The UK-based studio, Koto Design, has designed a cabin for home office, as part of its wide repertoire of modules and pre-fab cabins.
This proposal not only takes into account the spatial variables to create a comfortable work environment, but, as it is marketed as a modular system, it allows those who require a simple and functional work area attached to their home (as has been stated in evidence during confinement), an architectural quality option with the necessary flexibility to be able to be re-functionalized in the future.
This soberly designed workspace addresses a problem that intensified exponentially during the pandemic, which is the difficult task of balancing daily life and work at home in a healthy way, especially in those cases (probably most of them) in those who do not have a place in the home where they can comfortably fulfill their work obligations.
Unlike other proposals presented here, the intention of the authors is not to open themselves directly to the surrounding environment, but rather the opposite, providing a single window in the volume, prioritizing the ideas of contemplation and individual reflection as axes of the proposal.
This intervention by José Costa in Valencia consists of an extension of the co-working Wayco Ruzafa, also of his creation, in what was originally the Goya cinema.
In this case, it is possible to recognize how the author tries to find a balance between what has been done by KOTO Design, for example, and the fully open spaces of other proposals. This arises as a result of the qualities of the pre-existing spaces that, with the intervention, are defined even more exposed and frank, and those who choose to balance with different areas of greater privacy, arguing that “it can be so desirable to work in spaces open as necessary to withdraw and find varying degrees of privacy throughout the day”.
On the other hand, as was the case with the MVRDV offices, the spaces are endowed with different colors that accompany their programmatic requirements, added to wide staircases that intersperse their common footprint with a double-height one, to generate steps that act as points of view. meeting, rest and informal meetings.
With perspectives that seem to be taken directly from a Play Time scene, the new Scott Sports headquarters of the Swiss IttenBrechbühl, contains almost 26,000 sqm of offices and annexes articulated by a large central space in the form of an atrium that crosses it in its entire section.

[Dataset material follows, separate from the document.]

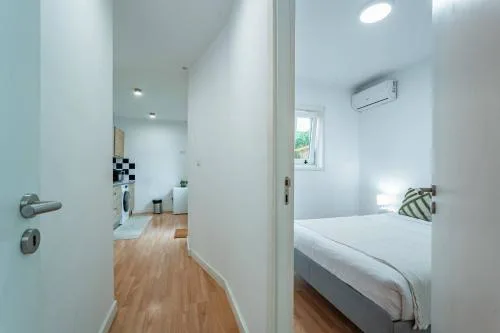 Oporto Maria Pia Apartment Whith Terrace 2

Supported by innovation and sustainability provided by the avant-garde technologies implemented, this building is capable of accommodating 600 workstations, distributed in flexible and modular spaces, which are interspersed with large open-plan areas designed as spaces for dialogue, rest and reflection.
The central atrium also operates as a large central courtyard, where you can stop for lunch, organize events and exhibitions, or simply move the offices, while all the other spaces of the building visually balcony towards it, trying to provide a feeling of spaciousness and continuity between the buildings. Work spaces.